MMA Offshore also sold one of its accommodation barges, which will boost cash but further reduce earnings from that vessel. Full year Earnings Before Interest, Tax, Depreciation and Amortisation (EBITDA) is now expected to be in the range of $20 million to $25 million (no previous forecast was made). Management again noted that the market conditions are turbulent and very difficult to forecast, depending as they do on the vagaries of the oil price.
But it's cheap?
I wrote just last week that MMA Offshore had potential as a turnaround stock if oil prices rose, due to its excess capacity and the fact that it was trading at a significant discount to its Net Tangible Assets of $1.70 per share.
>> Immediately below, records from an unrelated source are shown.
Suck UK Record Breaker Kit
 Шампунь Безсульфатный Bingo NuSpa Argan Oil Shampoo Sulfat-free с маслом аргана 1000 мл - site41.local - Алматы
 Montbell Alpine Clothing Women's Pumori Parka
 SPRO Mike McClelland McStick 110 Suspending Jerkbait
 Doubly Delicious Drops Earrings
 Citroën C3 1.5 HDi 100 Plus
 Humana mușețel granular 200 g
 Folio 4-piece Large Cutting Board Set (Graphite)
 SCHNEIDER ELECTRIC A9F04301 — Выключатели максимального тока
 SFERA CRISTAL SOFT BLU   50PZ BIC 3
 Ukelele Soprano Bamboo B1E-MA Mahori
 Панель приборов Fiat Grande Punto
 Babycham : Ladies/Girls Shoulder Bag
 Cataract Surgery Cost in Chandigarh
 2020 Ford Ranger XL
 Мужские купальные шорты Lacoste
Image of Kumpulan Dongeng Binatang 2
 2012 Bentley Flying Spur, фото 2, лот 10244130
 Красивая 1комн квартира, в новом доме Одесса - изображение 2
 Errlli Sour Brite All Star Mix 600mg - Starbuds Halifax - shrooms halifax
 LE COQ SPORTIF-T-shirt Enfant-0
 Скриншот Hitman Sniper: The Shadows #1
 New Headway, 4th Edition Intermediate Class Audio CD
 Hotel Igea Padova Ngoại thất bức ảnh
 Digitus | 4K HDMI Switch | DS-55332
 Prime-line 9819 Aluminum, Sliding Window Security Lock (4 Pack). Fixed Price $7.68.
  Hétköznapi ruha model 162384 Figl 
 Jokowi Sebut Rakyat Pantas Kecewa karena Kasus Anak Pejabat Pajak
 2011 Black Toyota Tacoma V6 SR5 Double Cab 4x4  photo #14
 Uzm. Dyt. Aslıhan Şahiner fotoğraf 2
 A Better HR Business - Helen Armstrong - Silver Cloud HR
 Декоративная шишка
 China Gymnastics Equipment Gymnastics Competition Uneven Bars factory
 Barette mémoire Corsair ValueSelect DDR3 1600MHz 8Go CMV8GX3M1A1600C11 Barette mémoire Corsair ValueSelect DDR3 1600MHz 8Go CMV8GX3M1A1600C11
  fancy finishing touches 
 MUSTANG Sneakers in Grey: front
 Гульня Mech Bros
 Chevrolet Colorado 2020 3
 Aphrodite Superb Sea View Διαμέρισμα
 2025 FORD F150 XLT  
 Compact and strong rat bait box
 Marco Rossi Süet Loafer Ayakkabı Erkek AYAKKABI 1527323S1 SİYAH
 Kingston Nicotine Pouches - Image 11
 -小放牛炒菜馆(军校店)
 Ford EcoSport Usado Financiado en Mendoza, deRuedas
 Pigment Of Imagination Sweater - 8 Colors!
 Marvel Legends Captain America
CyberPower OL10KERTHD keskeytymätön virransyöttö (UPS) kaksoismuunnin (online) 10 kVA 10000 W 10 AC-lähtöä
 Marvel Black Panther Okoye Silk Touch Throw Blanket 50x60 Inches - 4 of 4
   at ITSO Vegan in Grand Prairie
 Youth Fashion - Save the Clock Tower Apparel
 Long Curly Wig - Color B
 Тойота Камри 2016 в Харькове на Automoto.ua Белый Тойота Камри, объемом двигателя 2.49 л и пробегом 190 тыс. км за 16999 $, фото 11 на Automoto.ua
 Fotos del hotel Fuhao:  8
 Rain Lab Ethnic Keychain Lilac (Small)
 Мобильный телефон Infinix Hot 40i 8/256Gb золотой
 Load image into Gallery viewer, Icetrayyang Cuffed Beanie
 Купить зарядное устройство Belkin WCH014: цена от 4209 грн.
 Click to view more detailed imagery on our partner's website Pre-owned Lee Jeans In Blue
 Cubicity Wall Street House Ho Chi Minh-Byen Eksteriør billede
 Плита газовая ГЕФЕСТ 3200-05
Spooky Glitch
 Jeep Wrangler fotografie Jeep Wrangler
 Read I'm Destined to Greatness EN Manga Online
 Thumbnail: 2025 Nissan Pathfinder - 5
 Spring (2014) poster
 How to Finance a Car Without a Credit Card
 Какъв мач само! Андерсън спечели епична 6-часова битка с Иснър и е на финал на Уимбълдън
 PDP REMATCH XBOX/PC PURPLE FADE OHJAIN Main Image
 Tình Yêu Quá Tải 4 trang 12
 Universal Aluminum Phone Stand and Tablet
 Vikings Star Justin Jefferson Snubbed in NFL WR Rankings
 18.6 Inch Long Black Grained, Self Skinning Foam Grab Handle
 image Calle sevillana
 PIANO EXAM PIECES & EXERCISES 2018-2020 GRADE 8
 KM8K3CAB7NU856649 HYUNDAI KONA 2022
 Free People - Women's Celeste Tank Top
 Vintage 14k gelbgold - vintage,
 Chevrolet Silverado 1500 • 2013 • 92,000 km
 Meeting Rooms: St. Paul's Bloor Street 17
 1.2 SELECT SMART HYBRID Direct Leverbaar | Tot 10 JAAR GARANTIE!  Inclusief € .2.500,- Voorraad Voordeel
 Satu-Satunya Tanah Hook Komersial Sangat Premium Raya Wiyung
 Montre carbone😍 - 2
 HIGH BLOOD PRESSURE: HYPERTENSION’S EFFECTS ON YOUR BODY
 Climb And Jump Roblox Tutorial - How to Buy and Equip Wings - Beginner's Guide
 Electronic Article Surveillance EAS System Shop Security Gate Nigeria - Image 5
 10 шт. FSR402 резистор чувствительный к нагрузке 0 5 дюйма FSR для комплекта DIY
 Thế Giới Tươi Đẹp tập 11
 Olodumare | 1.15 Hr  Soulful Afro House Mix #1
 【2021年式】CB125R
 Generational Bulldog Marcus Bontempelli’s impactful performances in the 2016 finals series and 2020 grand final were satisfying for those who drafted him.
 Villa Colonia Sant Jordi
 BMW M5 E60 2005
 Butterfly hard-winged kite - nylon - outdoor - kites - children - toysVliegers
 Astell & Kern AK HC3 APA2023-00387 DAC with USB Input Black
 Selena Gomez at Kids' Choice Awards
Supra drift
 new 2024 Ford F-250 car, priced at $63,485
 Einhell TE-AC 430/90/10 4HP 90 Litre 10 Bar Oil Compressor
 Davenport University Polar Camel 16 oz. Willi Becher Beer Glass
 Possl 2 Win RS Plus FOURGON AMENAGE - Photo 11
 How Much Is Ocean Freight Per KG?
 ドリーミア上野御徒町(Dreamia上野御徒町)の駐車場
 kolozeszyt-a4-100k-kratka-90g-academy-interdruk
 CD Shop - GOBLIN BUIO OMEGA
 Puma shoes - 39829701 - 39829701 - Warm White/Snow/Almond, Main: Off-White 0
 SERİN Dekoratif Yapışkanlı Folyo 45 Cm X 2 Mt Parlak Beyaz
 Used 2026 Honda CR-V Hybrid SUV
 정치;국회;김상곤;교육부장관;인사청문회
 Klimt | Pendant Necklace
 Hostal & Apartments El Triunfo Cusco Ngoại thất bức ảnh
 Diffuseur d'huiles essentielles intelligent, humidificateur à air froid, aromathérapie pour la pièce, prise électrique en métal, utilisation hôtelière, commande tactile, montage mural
I also wrote that I wasn't buying the company because market conditions were too depressed and there wasn't much hope of relief in sight. Today's full-year EBITDA forecast from management shows just how heavily the sector is being impacted, with forecasts of ~$25 million contrasting sharply with last year's full-year EBITDA of $75 million.
MMA is a high risk business, and although there appears to be significant upside on the table if oil prices recover, there's also no guarantee the company will be able to turn things around soon. Its revenues are largely a function of expenditure (service contracts, etc) from the likes of Woodside Petroleum Limited (ASX: WPL) and ConocoPhillips. But owing to wider market conditions, capital expenditure has been slashed to the bone and new contracts are intensely cost competitive.
MMA is probably best left on the shelf for the time being.